ASSIGNMENT - Write out again, word for word, the lines below from the line that holds "Toronto Maple Leafs" through the line that holds "Vector circle arrows", omitting pictures.

RECORDS FOR THIS TASK -
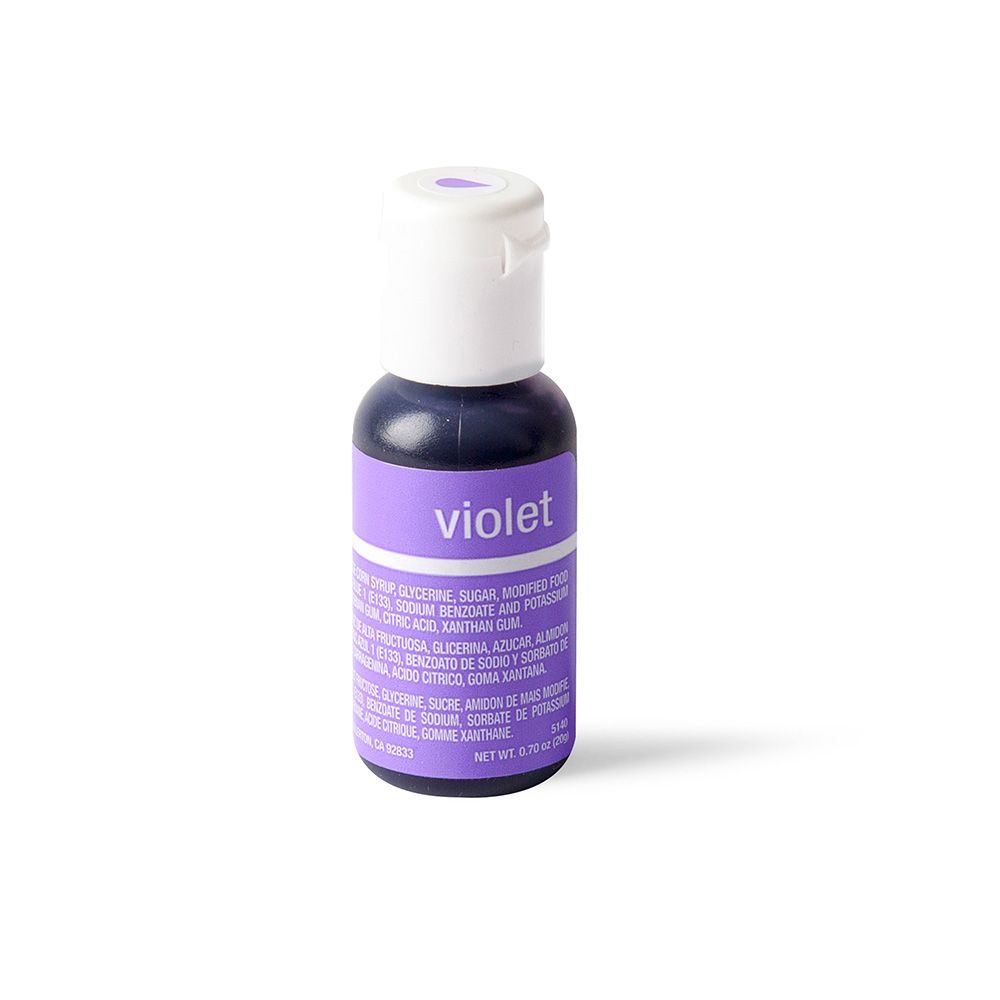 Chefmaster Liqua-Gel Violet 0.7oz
==
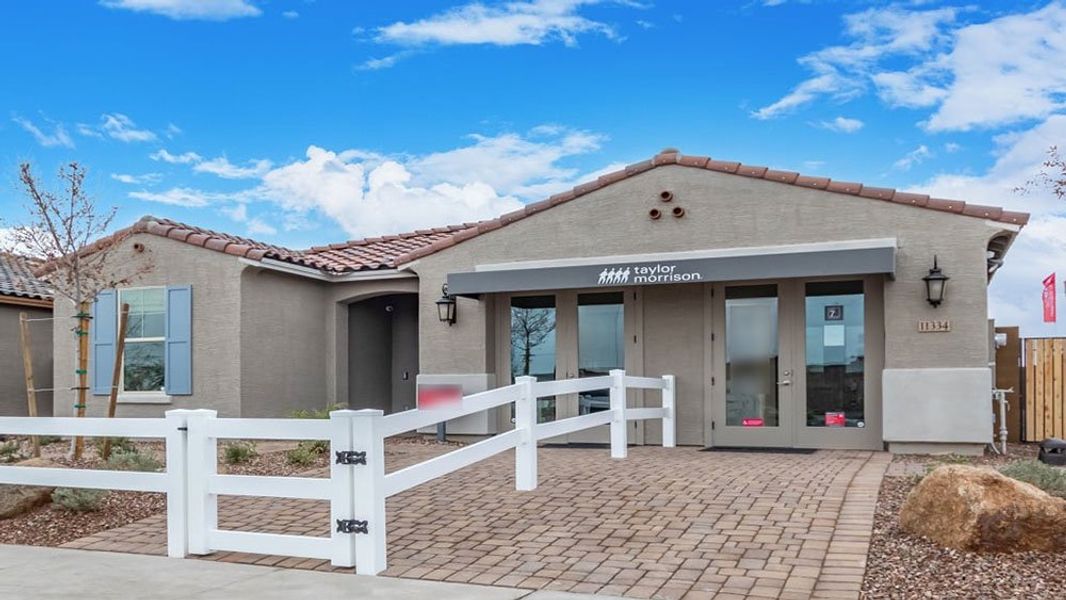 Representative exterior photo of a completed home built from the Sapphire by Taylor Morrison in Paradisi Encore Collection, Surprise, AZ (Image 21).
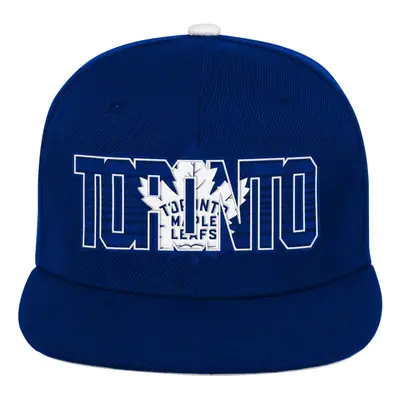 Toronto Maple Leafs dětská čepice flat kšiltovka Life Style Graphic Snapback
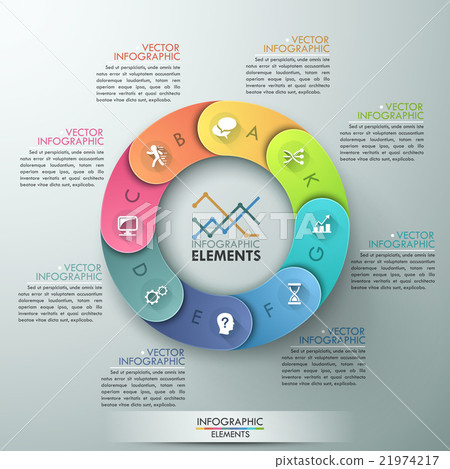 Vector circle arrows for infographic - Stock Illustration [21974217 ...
==
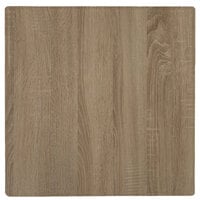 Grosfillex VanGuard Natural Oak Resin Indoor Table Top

SOLVED PROBLEM -
 Toronto Maple Leafs dětská čepice flat kšiltovka Life Style Graphic Snapback
 Vector circle arrows for infographic - Stock Illustration [21974217 ...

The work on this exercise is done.